**Prompt**
A line below contains "Maybe you would", and a later one contains "M25786 顶级原单 变码芯片163C". Repeat both, with every line between them, exactly.

**Exercise material**
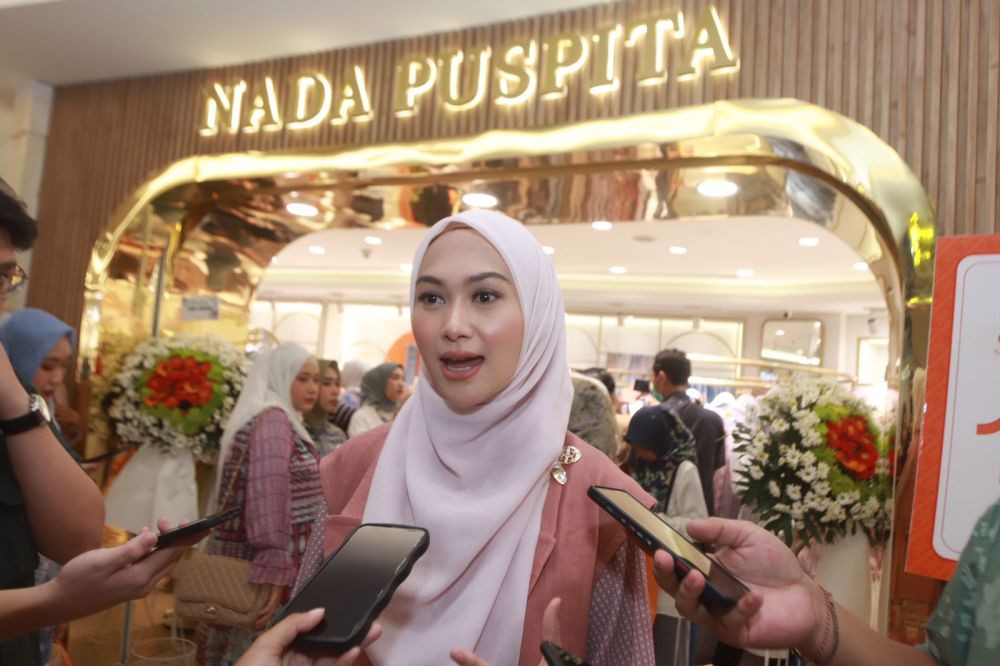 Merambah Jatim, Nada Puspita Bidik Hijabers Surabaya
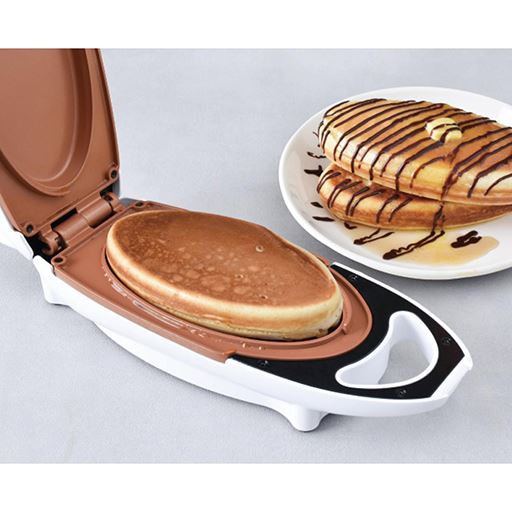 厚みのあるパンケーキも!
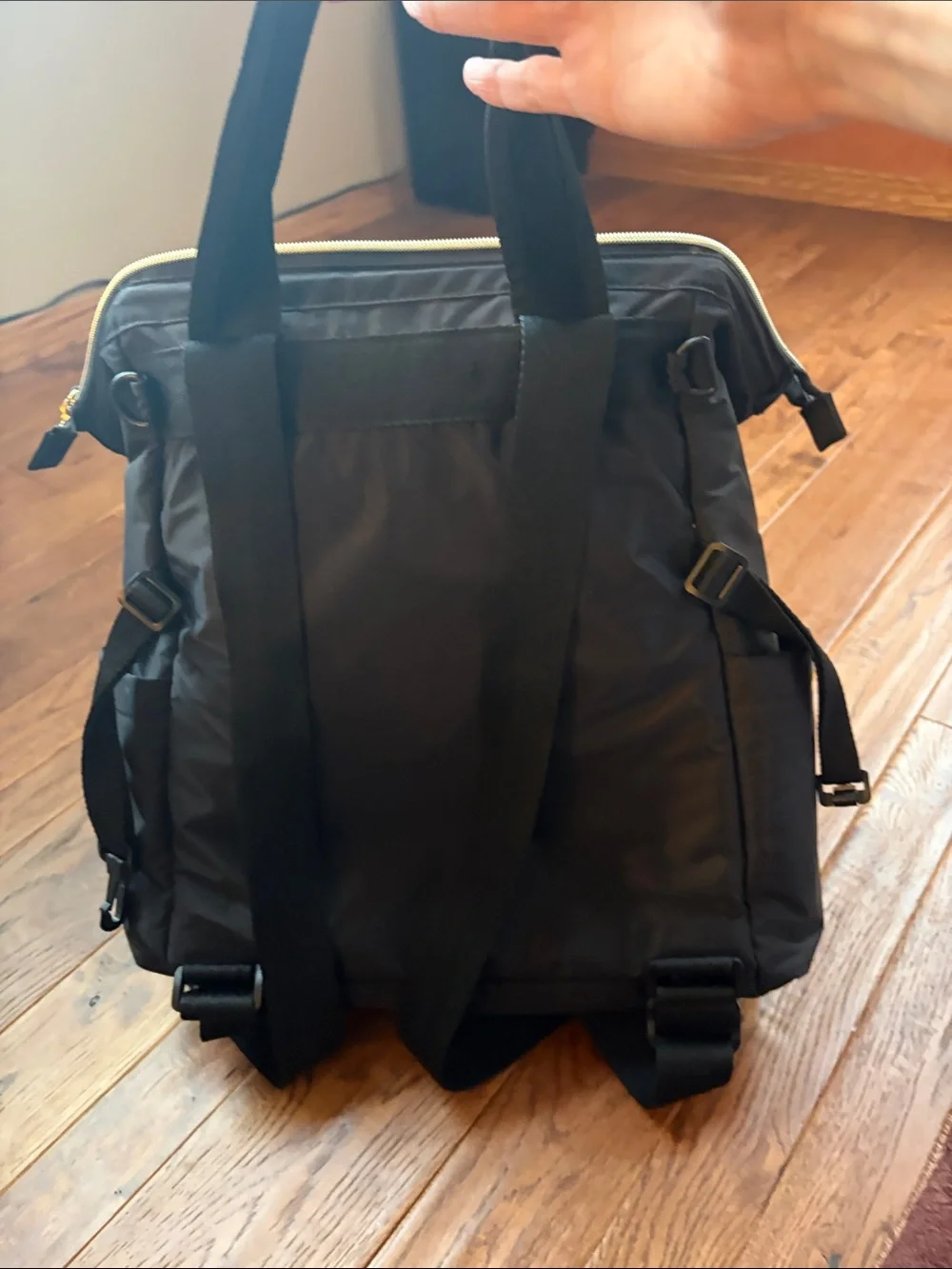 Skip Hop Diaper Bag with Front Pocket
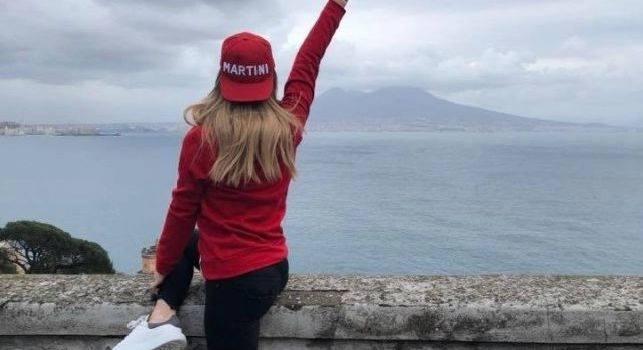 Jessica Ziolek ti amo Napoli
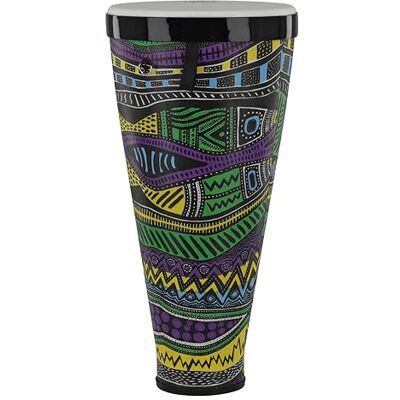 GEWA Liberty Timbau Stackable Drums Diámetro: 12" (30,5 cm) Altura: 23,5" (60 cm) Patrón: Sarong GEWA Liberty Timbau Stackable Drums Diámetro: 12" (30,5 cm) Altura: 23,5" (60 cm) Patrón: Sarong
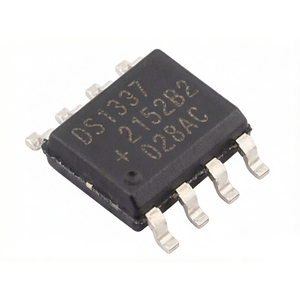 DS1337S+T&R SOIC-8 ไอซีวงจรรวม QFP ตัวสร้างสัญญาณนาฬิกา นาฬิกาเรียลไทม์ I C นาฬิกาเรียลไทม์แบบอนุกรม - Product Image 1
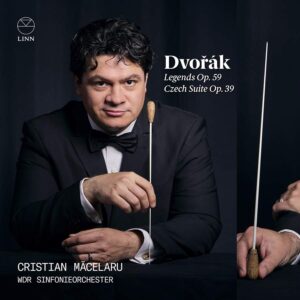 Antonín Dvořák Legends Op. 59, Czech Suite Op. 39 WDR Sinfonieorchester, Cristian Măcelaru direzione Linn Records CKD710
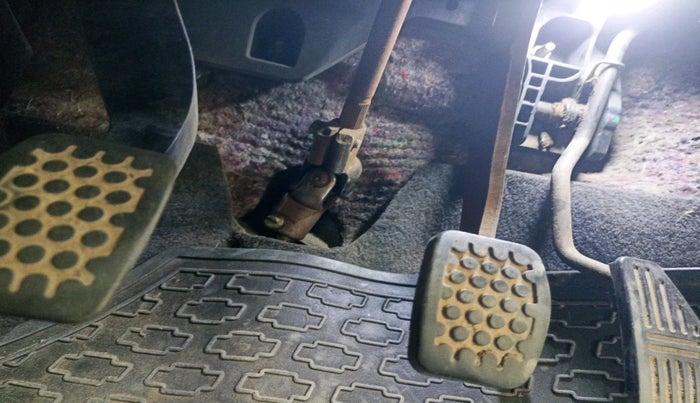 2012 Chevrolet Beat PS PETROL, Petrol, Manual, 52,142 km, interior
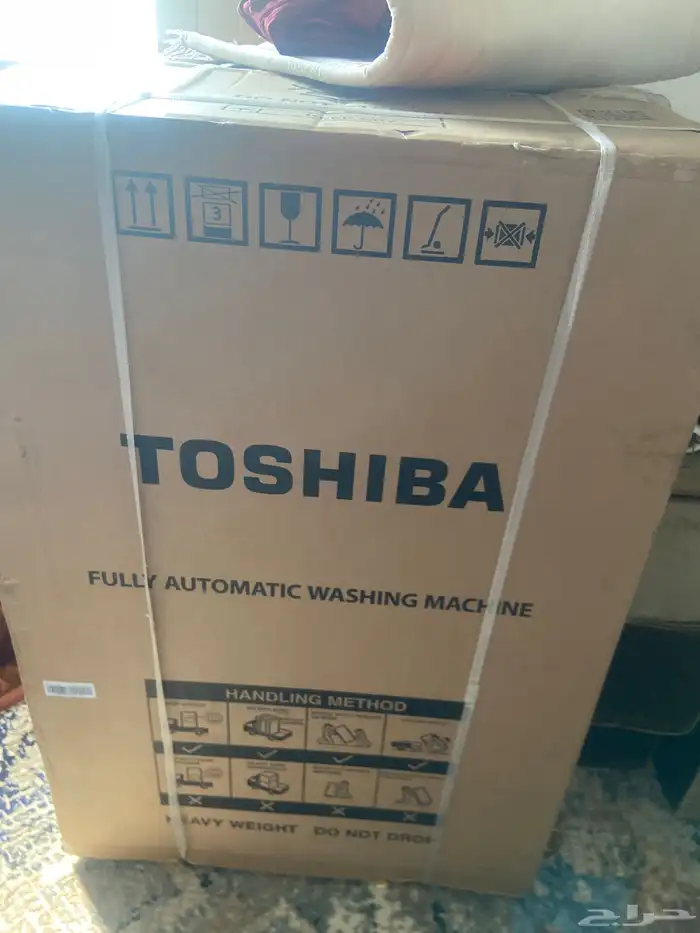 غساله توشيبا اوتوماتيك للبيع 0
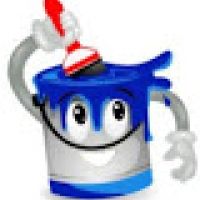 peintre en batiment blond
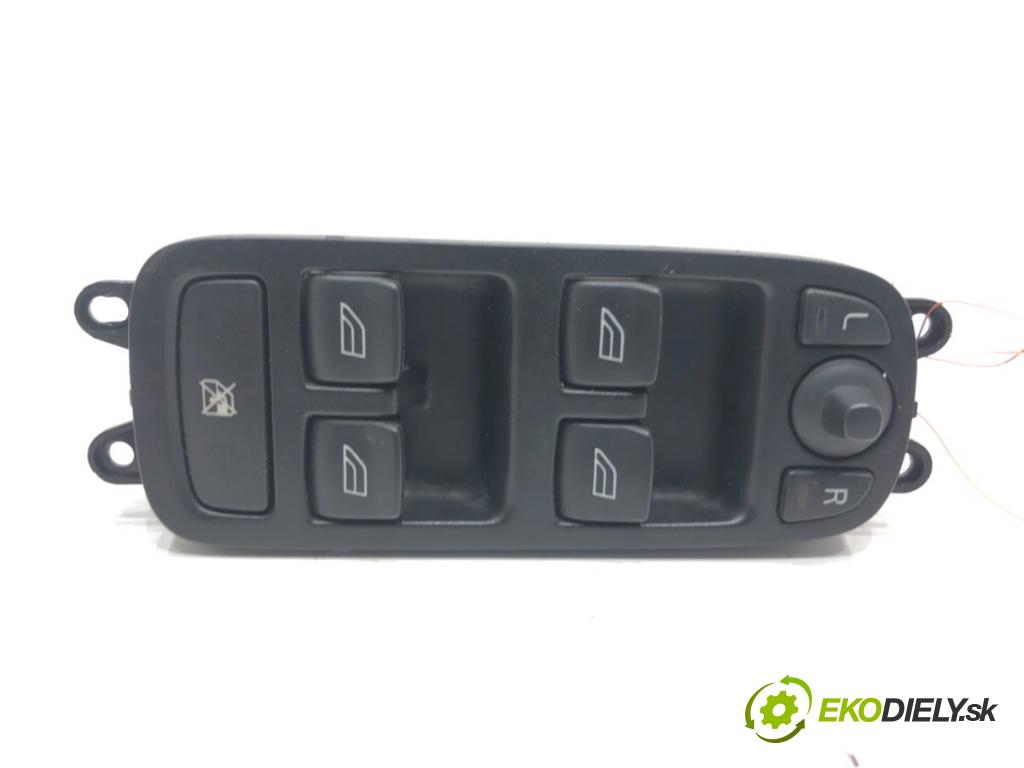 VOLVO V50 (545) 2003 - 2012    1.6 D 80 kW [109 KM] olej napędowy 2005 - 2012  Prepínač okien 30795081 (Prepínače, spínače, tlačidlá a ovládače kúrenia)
---
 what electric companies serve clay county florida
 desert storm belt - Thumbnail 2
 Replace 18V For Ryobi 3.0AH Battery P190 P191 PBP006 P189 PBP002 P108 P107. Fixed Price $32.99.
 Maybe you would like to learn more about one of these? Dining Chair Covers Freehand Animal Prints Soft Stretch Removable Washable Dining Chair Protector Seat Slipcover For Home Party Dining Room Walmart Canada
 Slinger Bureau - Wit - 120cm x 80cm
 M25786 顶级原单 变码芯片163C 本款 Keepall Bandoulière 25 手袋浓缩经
--
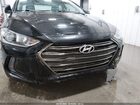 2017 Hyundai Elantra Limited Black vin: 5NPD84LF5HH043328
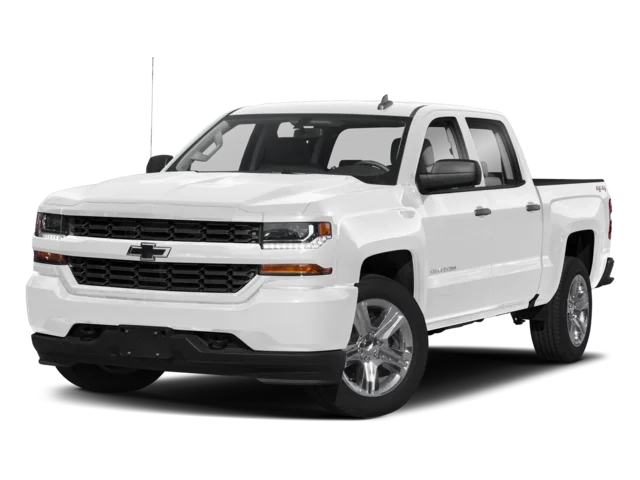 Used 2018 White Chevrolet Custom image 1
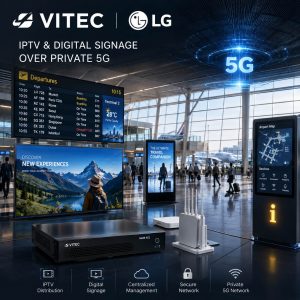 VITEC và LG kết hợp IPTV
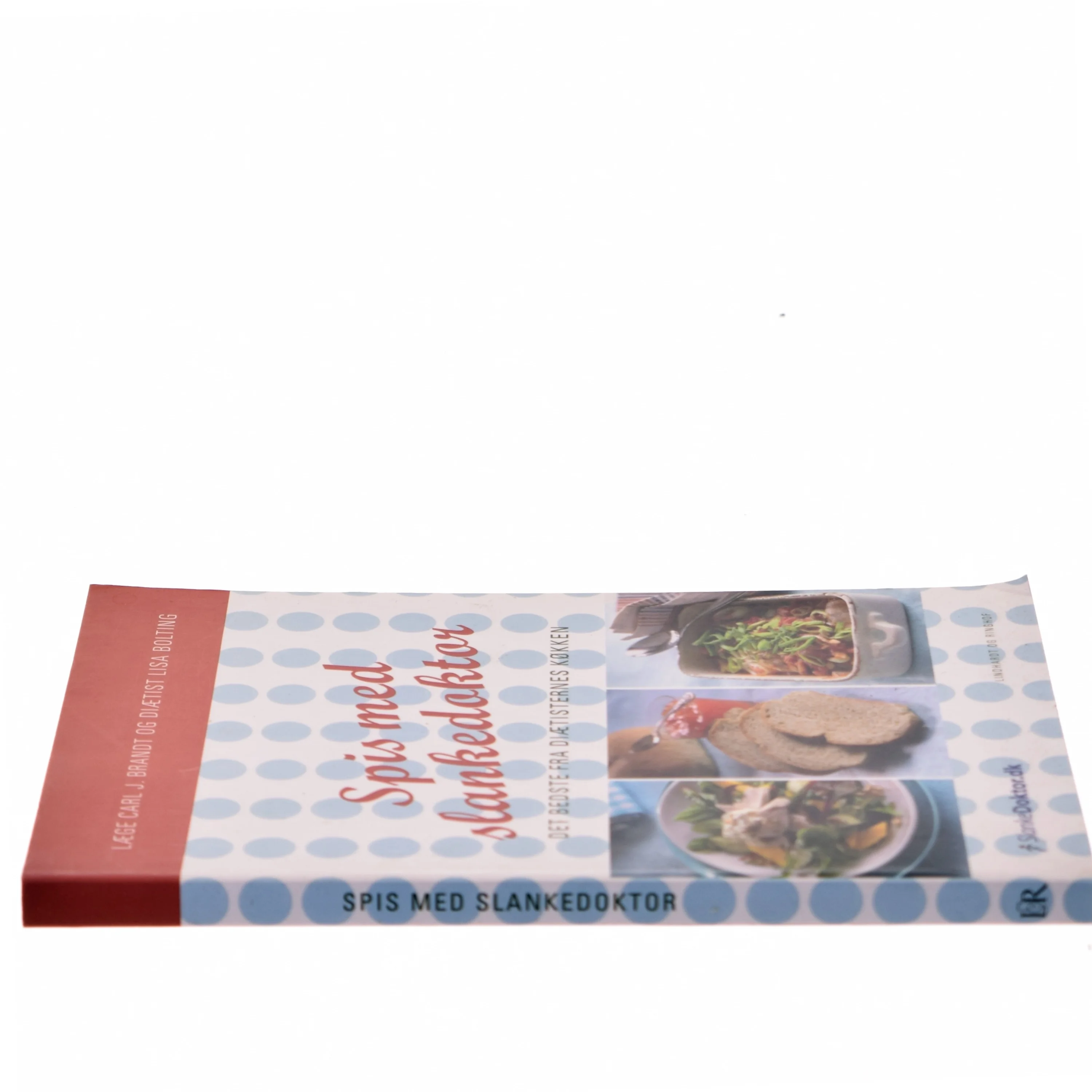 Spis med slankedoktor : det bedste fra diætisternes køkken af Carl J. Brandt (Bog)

**Task output**
 Maybe you would like to learn more about one of these? Dining Chair Covers Freehand Animal Prints Soft Stretch Removable Washable Dining Chair Protector Seat Slipcover For Home Party Dining Room Walmart Canada
 Slinger Bureau - Wit - 120cm x 80cm
 M25786 顶级原单 变码芯片163C 本款 Keepall Bandoulière 25 手袋浓缩经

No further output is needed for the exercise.